Konservative & regenerative Orthopädie – Operation nur als letzte Option.

Kurzüberblick

  • Typische Beschwerden: stechender oder druckender Schmerz unter dem Ballen der Großzehe, v. a. beim Abrollen und auf harten Böden
  • Häufige Auslöser: Trainingssteigerung, Vorfußlauf, hohe Absätze, Hallux-Fehlstellungen, Hohlfuß/Überpronation
  • Diagnostik: klinische Untersuchung, Röntgen (inkl. Sesambein-Tangentialaufnahme), ggf. MRT bei Verdacht auf Stressreaktion/Ödem
  • Therapie zuerst konservativ: Aktivitätsanpassung, Polster (Dancer’s Pad), geeignete Schuhe/Einlagen (z. B. Morton Extension), Physiotherapie, kurzzeitig NSAR
  • Schienen/Walker oder Vorfußentlastung bei stärkerer Reizung oder Stressfrakturverdacht
  • Operation nur bei anhaltenden Beschwerden oder speziellen Befunden (z. B. dislozierte Fraktur, Pseudarthrose) nach sorgfältiger Abwägung

Anatomie: Die Sesambeine des Großzehengrundgelenks

Unter dem Großzehengrundgelenk liegen zwei kleine Knochen – mediales (tibiales) und laterales (fibulares) Sesambein. Sie sind in die Sehnen des Musculus flexor hallucis brevis eingebettet und Teil des sogenannten Sesambeinapparates.

  • Funktion: Vergrößerung des Hebelarms der Großzehenbeuger, Verbesserung der Kraftübertragung beim Abstoß
  • Schutz: Verteilung von Druckkräften im Vorfuß, Pufferwirkung beim Abrollen
  • Umgebung: Bänder, Sehnen und die plantare Platte stabilisieren das Großzehengrundgelenk

Durch diese besondere Lage wirken beim Laufen, Springen oder Tanzen hohe Kräfte auf die Sesambeine – Überlastungen und Reizungen sind die Folge.

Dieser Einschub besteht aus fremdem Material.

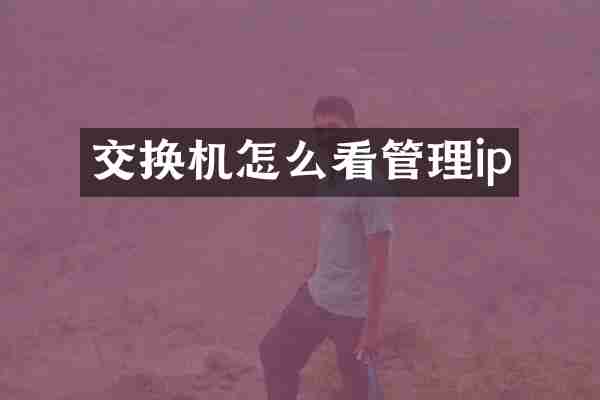 交换机怎么看管理ip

Symptome: Woran erkennt man eine Sesamoiditis?

  • Lokal begrenzter Druckschmerz unter dem Ballen der Großzehe (plantar)
  • Schmerzen beim Abrollen, auf Zehenspitzen stehen oder schnellen Richtungswechseln
  • Anlaufschmerz, der sich bei weiterer Belastung verstärken kann
  • Mitunter leichte Schwellung oder Erwärmung im Bereich des Großzehengrundgelenks
  • Gefühl, als würde man auf einem Steinchen laufen
  • Bei akuter Verletzung (z. B. Fraktur): plötzlich einschießender Schmerz und deutliche Belastungsunfähigkeit

Beschwerden können ein- oder beidseitig auftreten und sich bei harten Sohlen, dünner Dämpfung oder hohen Absätzen verstärken.

Ursachen und Risikofaktoren

Meist handelt es sich um eine Überlastungsreaktion der Sesambeine und umgebender Weichteile. Wiederholte Mikrotraumata führen zu Reizungen, Knochenödem oder in Einzelfällen zu Stressfrakturen.

  • Sportliche Belastung: Laufen (Vorfußlauf), Sprung- und Tanzsport, Sprints
  • Schuhfaktoren: hohe Absätze, harte/flexible dünne Sohlen ohne Rocker-Komponente
  • Fehlstellungen/Anatomie: Hallux valgus/rigidus, Hohlfuß, Überpronation, Metatarsus primus varus, bipartites Sesambein (angeboren geteilt)
  • Harter Untergrund, plötzliche Trainingssteigerungen, unzureichende Regeneration
  • Selten: akute Fraktur, Pseudarthrose, avaskuläre Nekrose (Durchblutungsstörung)

Diagnose: So gehen wir vor

Am Anfang stehen Anamnese und genaue Untersuchung: Druckpunktlokalisation, Prüfung des Abrollens und der Großzehenbeweglichkeit, Gang- und Schuhanalyse.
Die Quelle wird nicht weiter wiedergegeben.